Which temperatures to use and why?

I print with 3mm white PLA, most often with succes. I post this because I have some questions about bed and extruder temperatures.

This is how I work: Every time before a large print I check and if needed, recalibrate the Z-axis at each corner of the gp8200 glass printing bed. I do this accurately with a piece of paper. Than I clean the bed using a warm cloth and handsoap and I dry it with a towel. After I cleaned the bed I heat it using the bed heater itself and I also use a hairdryer as I am yet to install a 24V supply (takes forever to heat the bed) when the bed is warm I degrease it using 70% cleaning alcohol. Moments before I hit “print” I apply a gluestick for the much needed extra adhesion, I used to use hairspray but this would drop the bed temperature with about 10C so I always printed at 50C and hairspray cost more €€€
I still use the stock extruder with 0.5mm nozzle
For the first layer I print with about 30mm/s and slightly more PLA than the other layers. I attached the glassplate with schotchtape on the corners, had some issues with the clips.

so far I learned that:

  • If I only miss 1 spot with the gluestick an object can start curling upward.
  • Nozzle height listens very closely. Slightly to high results in bad adhesion.
  • really need to get me a 24V power supply for the printbed.
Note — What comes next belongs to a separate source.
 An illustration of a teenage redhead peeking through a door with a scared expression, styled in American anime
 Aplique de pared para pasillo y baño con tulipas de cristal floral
Though most of the prints come out ok, I still can’t leave the house during a print. Today I finally fixed the stock Z-axis which would skip a step occasionally (lost many prints because the extruder would slam of an object). If I now get the bed adhesion techniques under control. I can go to school in peace once again :wink:

What I want to know are the temperatures which give better adhesion to the bed. I know I can print with 50C and 60C for the bed and 190C-210C for the extruder head.

  1. How does bed temperature affect adhesion and what would be the optimal bed temperature be for white PLA 50C, 60C, or even 70C? (doesn’t a hotter bed make the PLA softer that it wants to curl up more easy??)
  2. During printing should I let the bed cool down to below 50C, 50C or just let it be at 60C.
  3. I print normally with a 190C extruder temperature because you know it works…, does a higher extruder temperature affect bed adhesion or does it affect print quality and how?
  4. is 30mm/s slow enough for the first layer or does it help alot to make it even slower?

If anybody knows any of the answers, I would be very gratefull. (if you number the answer(s) like my questions I would be even more gratefull :wink:

Ok I got the answers and they are quite usefull.

  1. The optimum bed temperature is 70C. With this temperature PLA will stick without flaw to the glassplate. It sticks like there is no tomorrow. Having this said I came to the conclusion that there is absolutely ZERO need for any alternative adhesion products, such as tape, hairspray, gluespray or gluestick. You do need a 24V power supply to reach this temperature.

  2. During print you should just let your bed be at 70C. As long as it is at 70C no PLA can come lose. If your print bed cools down to room temperature after a print. The PLA will simply let go, and you can blow it of.

  3. If your printer works at 190C do not increase the extruder temp. Higher extruder temperature result in more leaking and oozing.

  4. 30mm/s for a first layer is slow enough, just make sure the bed is degreased properly and that the bed is leveled. Also make sure that your bottem layer is slightly thicker.

Slic3r lets you set first layer temperatures for the bed and hot-end. I have the bed set to 70C for the first layer, dropping to 60C, then an idle temperature of 50C set in the end code. Very good adhesion, with parts popping loose on their own once the bed has dropped to 50C. I run the hot-end temperature 10C above normal for the first layer too.